Editing Structure
'The first scene of the play is the first scene that I wrote . . .. I wish I could say that I planned it, but I didn't; people kind of showed up doing whatever they were doing in whatever time they were doing it. Then, once I had a first draft, I could look at it and say, What does this want to be about? and focus it.'
-- Lisa Loomer
Tinkering with beginnings and endings may be a better way to talk about what's possible with Structure. For the most serious and most common structural problem -- lack of a Suspense Plot -- rewriting the whole thing from the beginning is the only real solution. And that's hardly what you'd call Editing.
When the Structure is all there, the Suspense Plot is integrated into the Subtext of your characters and leads directly to the play's Climax. You can't patch in a Suspense Plot in bits and pieces after the fact. Well, you can . . . but it hardly ever works. The solution: bite the cap of your pen. Hard. And write a second draft from scratch.
Here's what you can do if the Suspense Plot's there . . .
- Beginning of the Play
- Look carefully at the first Scene or at least the first 5 pages. Do this whether you've structured your play in short formal Scenes or continuous Acts . . .
- Is your Point of Attack one scene too early? Scene 1 may only have been your warm-up for the real play.
- Beginnings and Endings of Scenes & Acts
- Have you started the act or scene too early?
Look at the first half-dozen lines of dialogue -- following each secondary Point of Attack. See if you were just getting warmed up for the real beginning of the scene . . .
- Have you ended the act or scene too late?

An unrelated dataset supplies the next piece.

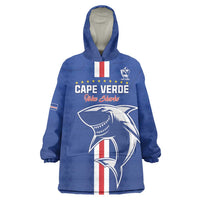 Custom Cape Verde Football Wearable Blanket Hoodie Go Champions Blue Sharks - Wonder Print Shop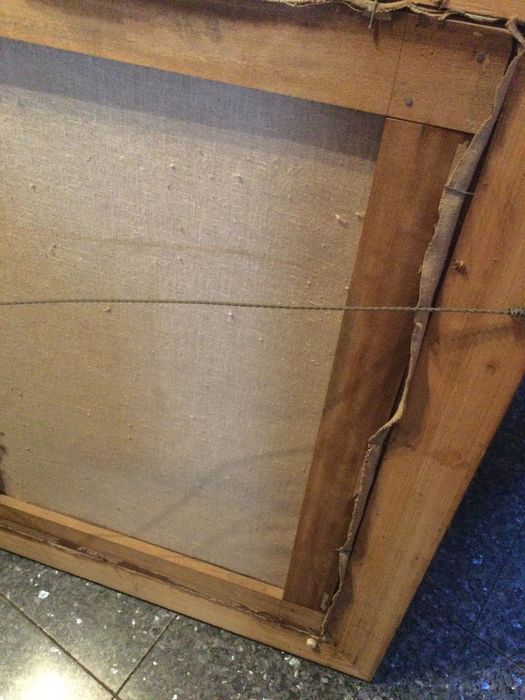 Pintura Óleo Rainha Santa Isabel Arte Sácra Assinada de 1901 1,28 mt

Look at the last two or three lines. See if you've let the dialogue resolve the conflict instead of pushing us into the next scene or act with a Curtain Line.
- Climax of the Play
- Does the Climax fall within the last half-dozen pages of the play? If not, cut most of the pages following it. Or see if you've dropped it into the play too early. Be careful, if this last is the case. It probably means you've imposed an arbitrary Climax on your characters rather than letting it grow directly out of the conflict between them.
- Resolution of the Play
- If the Resolution runs on for more than a half-dozen pages, you're just pushing the play when it's out of gas. Brief is better. And a short Resolution usually lets you leave us with something to think about when we've left the theatre.